# coffee table



## wood-junkie (Jan 31, 2012)

Finally decided to finish spalted yellow birch, zebra wood stretcher.


----------



## JMC (Jan 31, 2012)

Very nice.


----------



## Kevin (Jan 31, 2012)

I am *LOVING* that.  

I probably would have put in some slight relief between each leg end so it wouldn't rock on uneven surfaces, and a little radius beneath the stretcher ends but no matter that is superb.  


.


----------



## Kenbo (Jan 31, 2012)

Wow, that is gorgeous. You guys are killing me with all this natural edge work. Just beautiful stuff.
Great work. :i_am_so_happy:


----------



## woodtickgreg (Feb 1, 2012)

bigcouger said:


> :morning2: Very Nice, all Natural, I love it  :morning1:





Joe Rebuild said:


> Very nice indeed. I have always loved the natural live edge look.

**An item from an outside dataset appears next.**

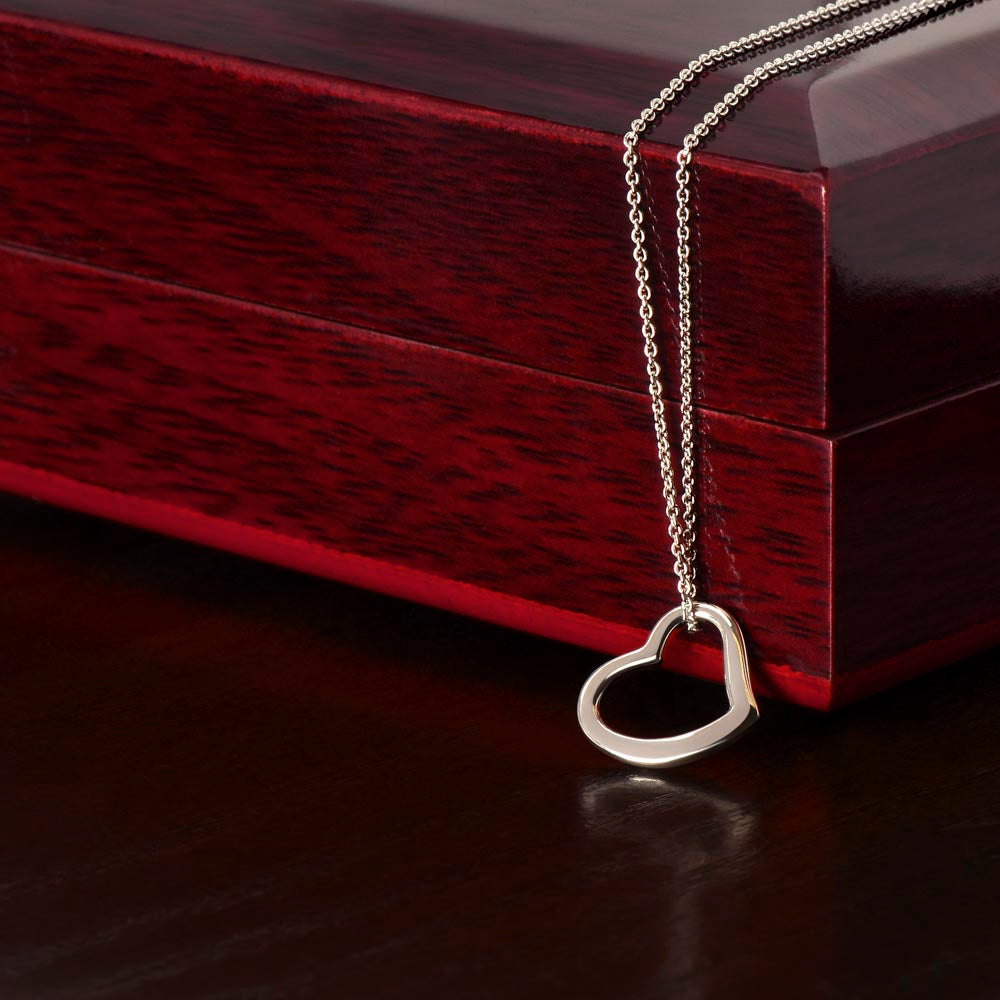 To My Wonderful Mom Delicate Heart Necklace, Mom's Birthday Gift, Mothers Day Gift For A Wonderful Mom, Son To Mother Gift, Daughter To Mother Gift, Appreciation Gift For a Wonderful Mom.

Me to I love thick live edge stuff, even better with such a figured piece of wood


----------



## Mac (Feb 1, 2012)

oh gee!  that is wonderful! :i_am_so_happy: now i know for sure I can't through any scrap in the burn pile. I defiantly got to retire so I can practice stuff like that!!!!!!!!


----------



## CodyS (Feb 3, 2012)

PRETTY-FULL


----------



## wood-junkie (Feb 3, 2012)

Kevin said:


> I am *LOVING* that.
> 
> I probably would have put in some slight relief between each leg end so it wouldn't rock on uneven surfaces, and a little radius beneath the stretcher ends but no matter that is superb.
> 
> ...



I am very interested in your how you would have handle the stretcher. All I did was to lay down some boards that were in a pile, no two boards the same. On top of my table saw it is perfectly flat. The stretcher, bridal joint is not glued or screwed, it allows for slight adjustment on different floors. Give it to me straight, bad idea?


----------